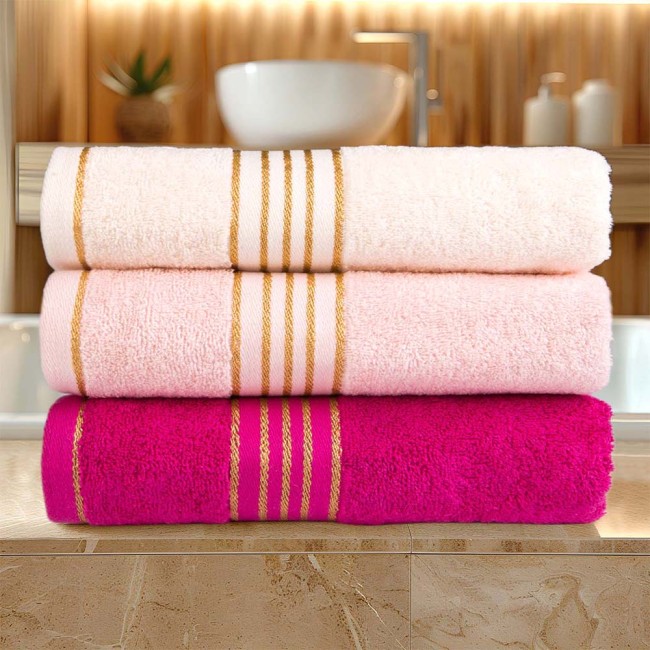 Komplet ręczników z bawełny w eco pudełku kolor różowy z bordiurą w złote paski 500 g/m2 TIWANO 2 kpl.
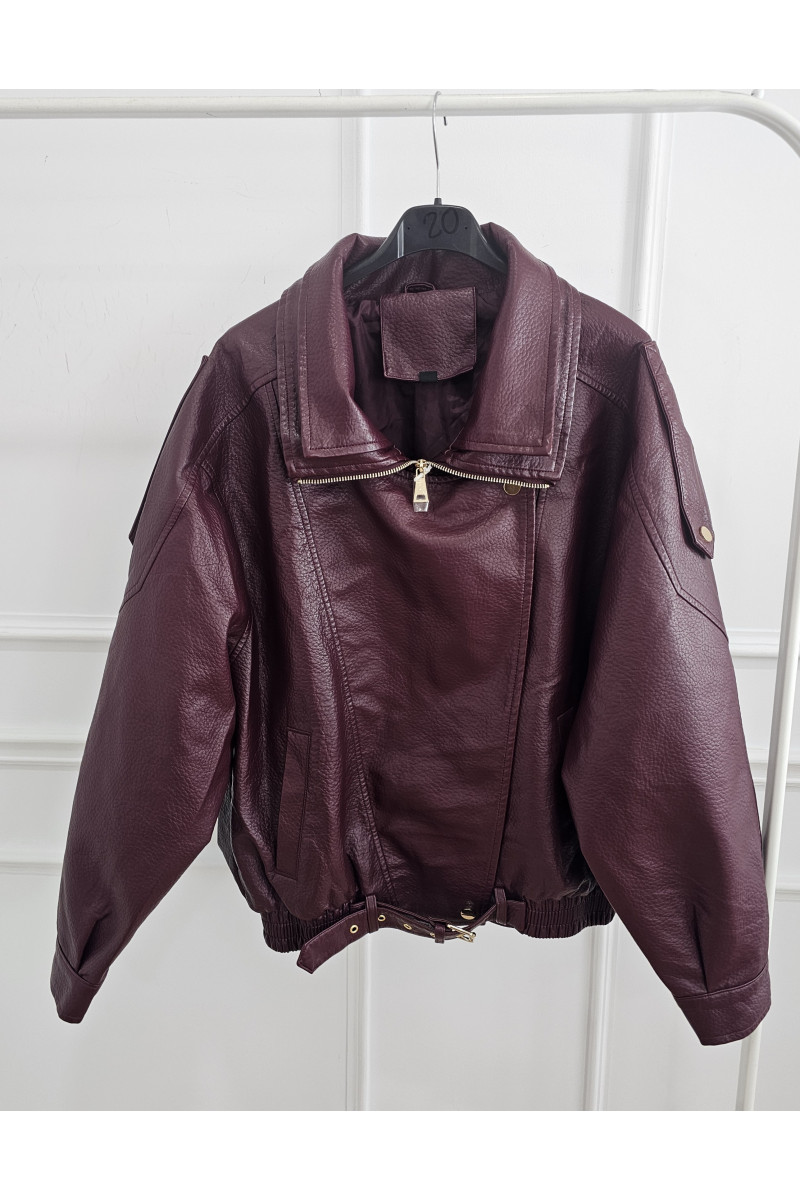 Chaqueta bomber polipiel burdeos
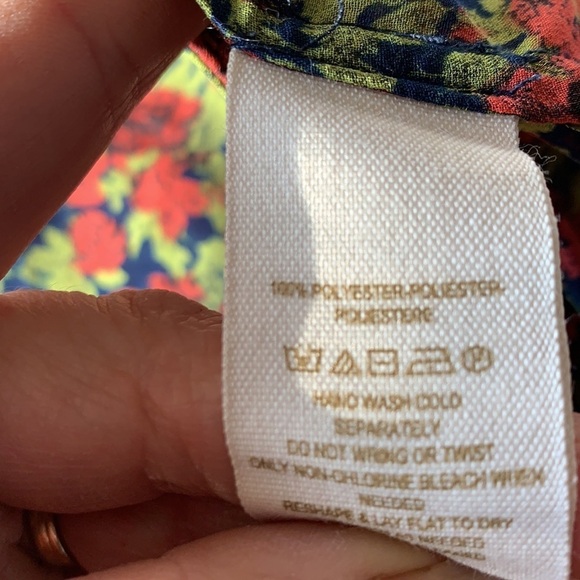 Free People Floral Button Down High Low Blouse - Picture 12 of 13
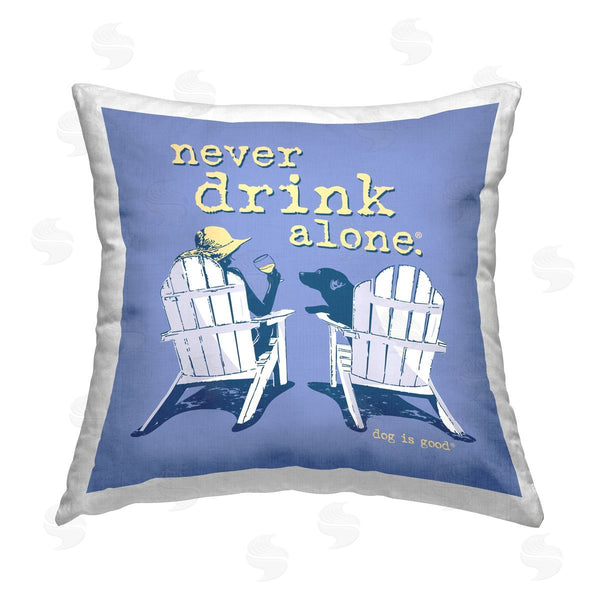 stupell industries Dog Is Good | Girl & Dog Drink Alone Printed Throw Pillow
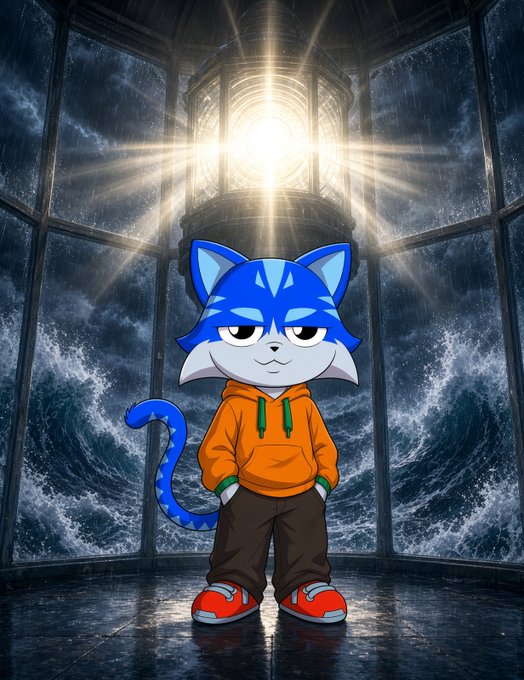 A digital illustration of an anthropomorphic blue cat character wearing an orange hoodie, brown pants, and red shoes, standing in front of a lighthouse with crashing ocean waves in the background.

+-------+

Begin at the first line of the entries above and return each line exactly, stopping after the line that contains "stupell industries Dog". Pictures do not belong in the copy.

**Result**
 Komplet ręczników z bawełny w eco pudełku kolor różowy z bordiurą w złote paski 500 g/m2 TIWANO 2 kpl.
 Chaqueta bomber polipiel burdeos
 Free People Floral Button Down High Low Blouse - Picture 12 of 13
 stupell industries Dog Is Good | Girl & Dog Drink Alone Printed Throw Pillow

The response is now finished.